At Televista, we build follow-up sequences directly into our calling campaigns so that no lead goes untouched. Our double-qualification process ensures that by the time a lead reaches your desk, they have been vetted twice for motivation, timeline, and price expectations.
Metrics to Track
You cannot improve what you do not measure. Track these metrics for every absentee owner campaign:
- Dials per hour: A good benchmark is 15-20 dials per hour using a power dialer
- Contact rate: The percentage of dials that result in a live conversation, typically 5-12% for absentee lists
- Appointment-set rate: The percentage of contacts that convert to appointments, target 3-5%
- Show rate: The percentage of appointments where the lead actually shows up or takes the follow-up call
- Cost per appointment: Total campaign cost divided by appointments set
Review these numbers weekly and adjust your list criteria, script, or caller training based on what the data tells you.
Common Mistakes to Avoid
Calling without research: Take thirty seconds to review the property details before dialing. Knowing the property type, estimated value, and ownership duration makes your conversation far more credible.

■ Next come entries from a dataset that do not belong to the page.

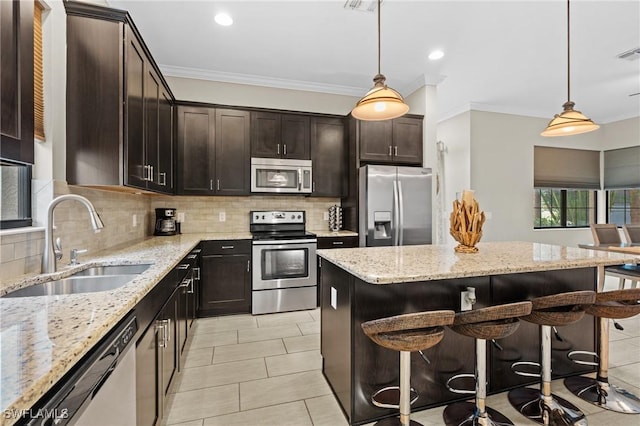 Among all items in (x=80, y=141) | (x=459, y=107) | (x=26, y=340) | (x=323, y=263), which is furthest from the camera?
(x=459, y=107)

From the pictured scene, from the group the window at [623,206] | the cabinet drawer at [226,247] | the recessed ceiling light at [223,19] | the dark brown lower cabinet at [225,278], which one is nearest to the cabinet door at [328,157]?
the cabinet drawer at [226,247]

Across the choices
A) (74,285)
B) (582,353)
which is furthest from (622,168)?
(74,285)

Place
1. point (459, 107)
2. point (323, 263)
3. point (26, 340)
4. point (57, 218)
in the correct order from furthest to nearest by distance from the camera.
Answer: point (459, 107) < point (323, 263) < point (57, 218) < point (26, 340)

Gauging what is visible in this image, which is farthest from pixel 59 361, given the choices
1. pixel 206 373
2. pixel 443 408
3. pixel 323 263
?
pixel 443 408

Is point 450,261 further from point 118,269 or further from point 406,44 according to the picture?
point 406,44

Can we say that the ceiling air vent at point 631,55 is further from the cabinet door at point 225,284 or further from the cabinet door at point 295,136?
the cabinet door at point 225,284

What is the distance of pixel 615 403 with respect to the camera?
1953 mm

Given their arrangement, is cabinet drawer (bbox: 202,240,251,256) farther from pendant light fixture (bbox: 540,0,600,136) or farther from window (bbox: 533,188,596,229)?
window (bbox: 533,188,596,229)

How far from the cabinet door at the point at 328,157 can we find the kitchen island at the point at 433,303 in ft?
6.54

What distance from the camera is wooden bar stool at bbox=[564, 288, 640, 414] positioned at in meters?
1.87

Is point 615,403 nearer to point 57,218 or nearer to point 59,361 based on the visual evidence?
point 59,361

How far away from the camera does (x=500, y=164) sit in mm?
5422

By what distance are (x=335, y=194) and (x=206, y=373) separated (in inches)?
104

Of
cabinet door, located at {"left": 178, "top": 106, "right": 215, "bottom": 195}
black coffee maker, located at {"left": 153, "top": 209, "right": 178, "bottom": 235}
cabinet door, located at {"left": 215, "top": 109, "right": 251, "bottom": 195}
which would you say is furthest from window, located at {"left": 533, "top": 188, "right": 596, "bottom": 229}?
black coffee maker, located at {"left": 153, "top": 209, "right": 178, "bottom": 235} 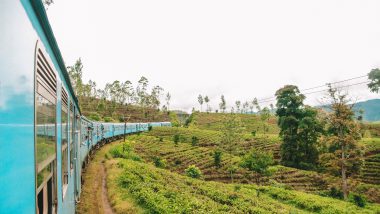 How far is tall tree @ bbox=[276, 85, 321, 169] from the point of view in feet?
133

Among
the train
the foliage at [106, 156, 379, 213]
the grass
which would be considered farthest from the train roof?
the foliage at [106, 156, 379, 213]

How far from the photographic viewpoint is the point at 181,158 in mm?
39656

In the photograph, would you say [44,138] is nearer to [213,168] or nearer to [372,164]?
[213,168]

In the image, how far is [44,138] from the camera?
275 centimetres

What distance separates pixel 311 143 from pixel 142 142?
23334mm

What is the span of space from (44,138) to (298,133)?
41432 mm

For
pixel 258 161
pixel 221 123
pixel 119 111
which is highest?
pixel 119 111

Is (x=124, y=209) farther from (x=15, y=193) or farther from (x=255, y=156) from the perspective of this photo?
(x=255, y=156)

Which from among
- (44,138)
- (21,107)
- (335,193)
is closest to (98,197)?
(44,138)

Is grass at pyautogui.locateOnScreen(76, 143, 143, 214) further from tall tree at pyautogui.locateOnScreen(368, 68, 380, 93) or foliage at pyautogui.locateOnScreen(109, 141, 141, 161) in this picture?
tall tree at pyautogui.locateOnScreen(368, 68, 380, 93)

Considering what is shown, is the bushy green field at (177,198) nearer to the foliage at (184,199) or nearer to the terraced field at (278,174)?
the foliage at (184,199)

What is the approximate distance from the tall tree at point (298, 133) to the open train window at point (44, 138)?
4029 cm

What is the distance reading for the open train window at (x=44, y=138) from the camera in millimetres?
2389

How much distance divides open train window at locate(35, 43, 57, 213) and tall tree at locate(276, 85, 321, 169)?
40290 millimetres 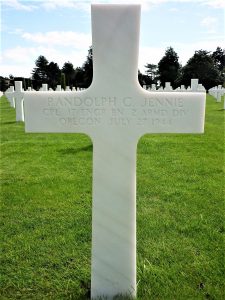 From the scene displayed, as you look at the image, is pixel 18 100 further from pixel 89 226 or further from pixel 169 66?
pixel 169 66

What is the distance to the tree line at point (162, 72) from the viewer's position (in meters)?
47.0

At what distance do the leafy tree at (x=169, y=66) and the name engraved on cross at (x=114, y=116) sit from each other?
5138cm

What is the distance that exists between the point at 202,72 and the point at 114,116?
4795 centimetres

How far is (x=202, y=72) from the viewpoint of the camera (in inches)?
1861

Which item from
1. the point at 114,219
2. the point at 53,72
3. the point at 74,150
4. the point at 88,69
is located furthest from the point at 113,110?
the point at 53,72

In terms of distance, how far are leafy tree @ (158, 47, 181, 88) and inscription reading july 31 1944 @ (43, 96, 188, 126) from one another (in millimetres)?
51367

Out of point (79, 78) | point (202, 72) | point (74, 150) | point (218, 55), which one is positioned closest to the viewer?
point (74, 150)

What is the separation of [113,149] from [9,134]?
7085 millimetres

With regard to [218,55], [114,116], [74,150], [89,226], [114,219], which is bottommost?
[89,226]

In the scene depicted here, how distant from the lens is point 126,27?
201 cm

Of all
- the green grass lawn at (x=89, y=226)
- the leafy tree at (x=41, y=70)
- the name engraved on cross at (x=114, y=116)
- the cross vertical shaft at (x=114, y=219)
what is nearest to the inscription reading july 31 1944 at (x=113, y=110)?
the name engraved on cross at (x=114, y=116)

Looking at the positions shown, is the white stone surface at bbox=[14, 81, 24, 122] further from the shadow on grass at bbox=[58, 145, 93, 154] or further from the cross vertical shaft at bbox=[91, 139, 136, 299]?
the cross vertical shaft at bbox=[91, 139, 136, 299]

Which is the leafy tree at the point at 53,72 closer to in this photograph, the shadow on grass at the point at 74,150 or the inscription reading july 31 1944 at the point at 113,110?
the shadow on grass at the point at 74,150

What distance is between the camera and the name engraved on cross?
2025 mm
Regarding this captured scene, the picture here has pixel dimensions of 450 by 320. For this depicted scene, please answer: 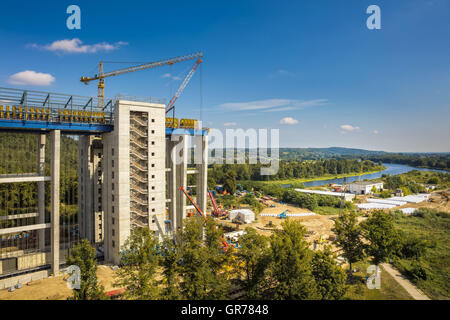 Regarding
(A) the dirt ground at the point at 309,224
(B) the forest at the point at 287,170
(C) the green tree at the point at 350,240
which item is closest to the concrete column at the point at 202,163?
(A) the dirt ground at the point at 309,224

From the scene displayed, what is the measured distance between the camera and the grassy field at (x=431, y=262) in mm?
26328

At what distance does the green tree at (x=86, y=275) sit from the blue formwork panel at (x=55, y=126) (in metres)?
14.1

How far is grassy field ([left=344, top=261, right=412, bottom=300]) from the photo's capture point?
24.1 m

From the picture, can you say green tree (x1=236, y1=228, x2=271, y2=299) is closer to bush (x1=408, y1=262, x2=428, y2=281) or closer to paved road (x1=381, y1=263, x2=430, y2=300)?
paved road (x1=381, y1=263, x2=430, y2=300)

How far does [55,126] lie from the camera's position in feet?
90.4

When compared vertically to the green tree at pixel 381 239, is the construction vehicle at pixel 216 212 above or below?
below

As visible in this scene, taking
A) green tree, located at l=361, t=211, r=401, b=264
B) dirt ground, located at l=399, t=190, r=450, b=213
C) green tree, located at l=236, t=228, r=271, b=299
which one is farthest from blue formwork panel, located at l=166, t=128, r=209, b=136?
dirt ground, located at l=399, t=190, r=450, b=213

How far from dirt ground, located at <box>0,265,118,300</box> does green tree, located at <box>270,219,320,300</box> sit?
51.8ft

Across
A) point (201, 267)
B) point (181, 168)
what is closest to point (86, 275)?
point (201, 267)

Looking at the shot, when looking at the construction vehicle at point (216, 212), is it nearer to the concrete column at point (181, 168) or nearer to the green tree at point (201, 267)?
the concrete column at point (181, 168)

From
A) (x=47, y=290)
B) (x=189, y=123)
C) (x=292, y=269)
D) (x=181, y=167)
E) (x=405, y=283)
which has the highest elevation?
(x=189, y=123)

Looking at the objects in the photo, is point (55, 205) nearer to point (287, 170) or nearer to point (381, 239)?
point (381, 239)

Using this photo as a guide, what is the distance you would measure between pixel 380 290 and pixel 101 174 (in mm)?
36501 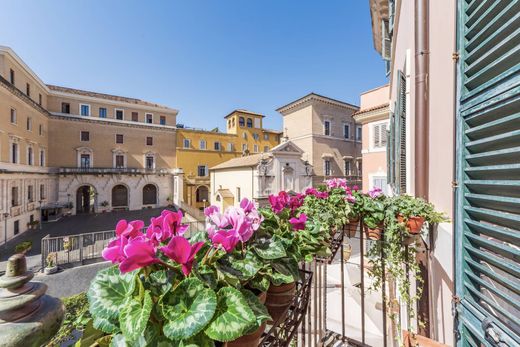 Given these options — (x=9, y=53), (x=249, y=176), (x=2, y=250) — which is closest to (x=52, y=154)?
(x=9, y=53)

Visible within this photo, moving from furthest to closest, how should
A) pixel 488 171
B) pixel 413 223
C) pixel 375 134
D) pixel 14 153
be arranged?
1. pixel 14 153
2. pixel 375 134
3. pixel 413 223
4. pixel 488 171

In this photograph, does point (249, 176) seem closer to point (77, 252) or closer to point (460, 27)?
point (77, 252)

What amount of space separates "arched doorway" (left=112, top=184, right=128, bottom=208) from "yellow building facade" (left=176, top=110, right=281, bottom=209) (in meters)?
6.05

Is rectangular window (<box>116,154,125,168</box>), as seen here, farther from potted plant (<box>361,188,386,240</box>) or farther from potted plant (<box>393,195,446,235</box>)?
potted plant (<box>393,195,446,235</box>)

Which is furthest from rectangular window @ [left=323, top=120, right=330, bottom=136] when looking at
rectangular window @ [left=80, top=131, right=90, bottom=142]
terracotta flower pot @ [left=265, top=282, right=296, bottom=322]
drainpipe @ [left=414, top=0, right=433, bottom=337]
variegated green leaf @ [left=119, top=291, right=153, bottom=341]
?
rectangular window @ [left=80, top=131, right=90, bottom=142]

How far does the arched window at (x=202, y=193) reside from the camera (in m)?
26.6

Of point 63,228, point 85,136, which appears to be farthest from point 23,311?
point 85,136

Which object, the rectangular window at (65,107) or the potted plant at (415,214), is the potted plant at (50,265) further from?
the rectangular window at (65,107)

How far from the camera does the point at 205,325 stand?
2.32ft

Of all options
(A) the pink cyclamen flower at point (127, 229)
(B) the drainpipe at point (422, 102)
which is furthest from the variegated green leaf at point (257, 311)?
(B) the drainpipe at point (422, 102)

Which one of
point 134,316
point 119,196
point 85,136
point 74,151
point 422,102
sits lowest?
point 119,196

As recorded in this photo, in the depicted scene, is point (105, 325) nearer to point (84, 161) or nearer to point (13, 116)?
point (13, 116)

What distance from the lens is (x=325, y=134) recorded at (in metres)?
22.7

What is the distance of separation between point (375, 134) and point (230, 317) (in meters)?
11.3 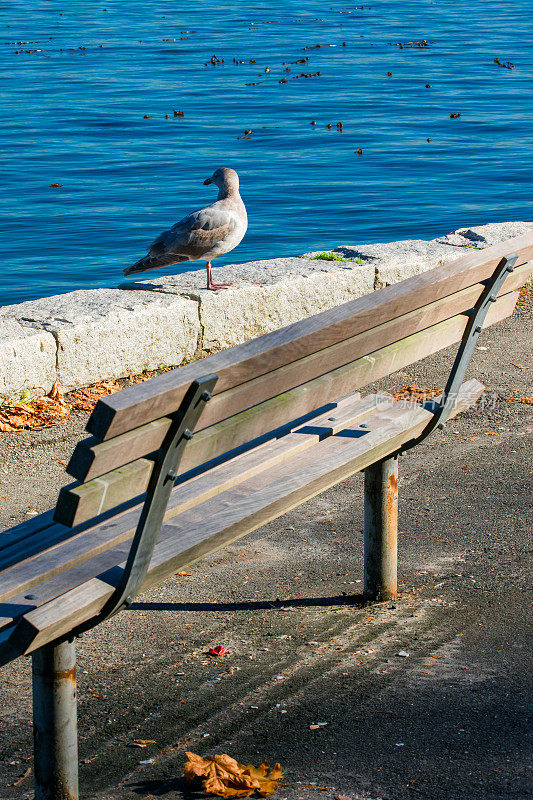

Talking too much: New callers tend to fill silence with their own words. Let the owner talk. Every minute they spend explaining their situation is a minute they are building rapport with you.
Giving up after one call: The majority of your deals will come from follow-up calls, not the first attempt. Build your campaign around persistence, not single touches.
Ignoring data quality: Calling a stale list with bad phone numbers is a waste of everyone’s time. Refresh your skip tracing data every 60-90 days.
Not recording calls: Call recordings are essential for training and quality assurance. Most power dialers like Mojo, ReadyMode, and PhoneBurner include recording features.
Conclusion
Cold calling absentee owners is one of the most reliable ways to generate off-market real estate deals. The owners are statistically more motivated, the data is readily available through public records and platforms like PropStream and BatchLeads, and the scripts are straightforward once you understand the psychology behind each objection.
The difference between a campaign that produces consistent appointments and one that fizzles out comes down to preparation: a clean list, a tested script, a disciplined follow-up system, and callers who are trained to listen more than they talk. Whether you are building an in-house team or partnering with a service like Televista, the fundamentals remain the same. Get the data right, lead with empathy, and follow up relentlessly.